Parkinson's Disease Drug Development Research Articles

Rasagiline Exerts Neuroprotection towards Oxygen-Glucose-Deprivation/Reoxygenation-Induced GAPDH-Mediated Cell Death by Activating Akt/Nrf2 Signaling.

Rasagiline (Azilect®) is a selective monoamine oxidase B (MAO-B) inhibitor that provides symptomatic benefits in Parkinson's disease (PD) treatment and has been found to exert preclinical neuroprotective effects. Here, we investigated the neuroprotective signaling pathways of acute rasagiline treatment for 22 h in PC12 neuronal cultures exposed to oxygen-glucose deprivation (OGD) for 4 h, followed by 18 h of reoxygenation (R), causing 40% aponecrotic cell death. In this study, 3-10 µM rasagiline induced dose-dependent neuroprotection of 20-80%, reduced the production of the neurotoxic reactive oxygen species by 15%, and reduced the nuclear translocation of glyceraldehyde-3-phosphate dehydrogenase (GAPDH) by 75-90%. In addition, 10 µM rasagiline increased protein kinase B (Akt) phosphorylation by 50% and decreased the protein expression of the ischemia-induced α-synuclein protein by 50% in correlation with the neuroprotective effect. Treatment with 1-5 µM rasagiline induced nuclear shuttling of transcription factor Nrf2 by 40-90% and increased the mRNA levels of the antioxidant enzymes heme oxygenase-1, (NAD (P) H- quinone dehydrogenase, and catalase by 1.8-2.0-fold compared to OGD/R insult. These results indicate that rasagiline provides neuroprotection to the ischemic neuronal cultures through the inhibition of α-synuclein and GAPDH-mediated aponecrotic cell death, as well as via mitochondrial protection, by increasing mitochondria-specific antioxidant enzymes through a mechanism involving the Akt/Nrf2 redox-signaling pathway. These findings may be exploited for neuroprotective drug development in PD and stroke therapy.
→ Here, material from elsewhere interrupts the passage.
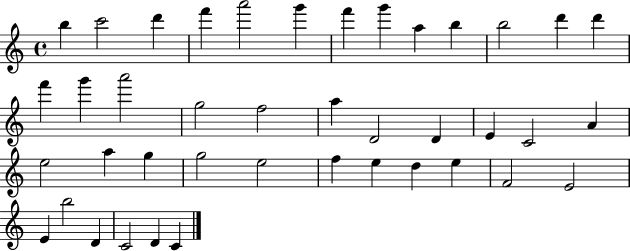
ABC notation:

Rapid FRET Assay for the Early Detection of Alpha-Synuclein Aggregation in Parkinson's Disease.

Alpha-synuclein (α-Syn) is a key protein of Parkinson's disease (PD). Oligomers formed by misfolding and aggregation of α-Syn can cause many pathological phenomena and aggravate the development of PD. Therefore, sensitive and accurate detection of oligomers is essential to understanding the pathology of PD and beneficial to screening and developing new drugs against PD. Here, we demonstrated a simple and sensitive method to detect the early aggregation of α-Syn via Förster resonance energy transfer (FRET) technology. We performed systematic investigations of the FRET sensitizations, efficiencies, and donor-to-acceptor distances during α-Syn aggregation, which was proved to be more sensitive to reflect small distance changes in the early stage of α-Syn aggregation, especially for α-Syn oligomers. The FRET assays were also applied to study the influence of Ser129 phosphorylation (pS129) on the aggregation rate of α-Syn. Our results showed that pS129 modification promotes α-Syn aggregation and enhances the ability of preformed fibrils to induce monomer aggregation. pS129 also increased the cytotoxicity of α-Syn. These results are of great significance for a better understanding of the pathological mechanisms of PD and future PD drug development.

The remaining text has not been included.